A large band of battered metal has been placed on a stand at the entrance of Skyrora’s rocket manufacturing hall in Cumbernauld in central Scotland. Six feet in diameter, the loop is perforated, torn and twisted, a result of being blasted into space and then dropped on to the Australian outback where it has lain for almost 50 years until its recent recovery.
The ring is part of the remains of Britain’s only satellite launch, which took place on 28 October 1971 when a Black Arrow rocket placed a Prospero probe into orbit round the Earth. The programme was cancelled the same year.
But now the UK is preparing to return to the satellite-launching business as several rival companies vie for business with the aim, this time, of firing rockets from British, not antipodean soil. These competitors include Skyrora, which has begun manufacturing its XL rockets at Cumbernauld, in expectation of a first launch next year from the SaxaVord rocket base in Unst, Shetland.

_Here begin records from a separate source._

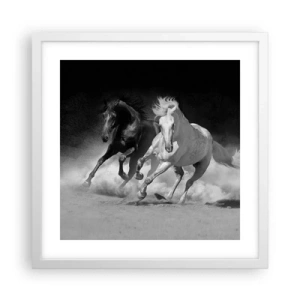 Plakat i hvid ramme - Frihedens galop - 40x40 cm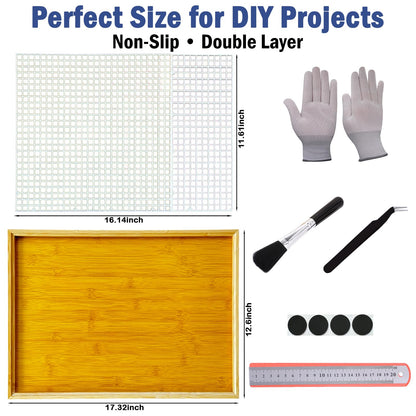 17" x 12"Stained Glass Cutting Mat, Double-Layer Non-Slip Glass Cutting Mat for Mosaic & Craft Work Surface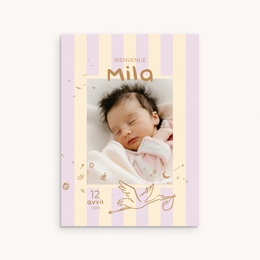 Faire-part de Naissance Douce rayure rose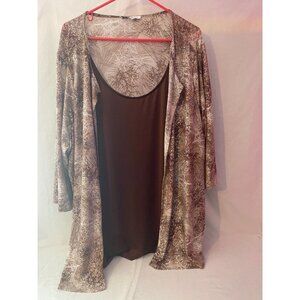 Emily Daniels 2x Blouse Tank Top One Piece 3/4 in Sleeve Browns& Tans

“The launch of Black Arrow in 1971 was Britain’s only successful placing of a satellite into orbit. So we brought back a piece of it – a faring that connected the first and second stages before it fell to Earth – and have put it at the entrance of our manufacturing hall to make it clear that, after half a century, we are back in business and ready to go into space again,” said Euan Clark, a project team lead at Skyrora.
Other rocket companies with plans for UK launches include Orbex Prime, whose launchers are scheduled to take off from Sutherland Spaceport in north Scotland, with other launch sites being touted for the Western Isles and the Kintyre peninsula as well as locations in Wales and Cornwall.
The rebirth of UK satellite launching – which will be dominated by spaceports located north of Hadrian’s Wall – is the result of the dramatic miniaturisation of modern electronics. Early spacecraft were the size of cars and required massive launchers. Today, satellites are often the size of shoeboxes that need only modest launchers, like the Skyrora XL. It is 22m in height compared with the 110m-high Saturn V rockets that took Apollo astronauts to the moon.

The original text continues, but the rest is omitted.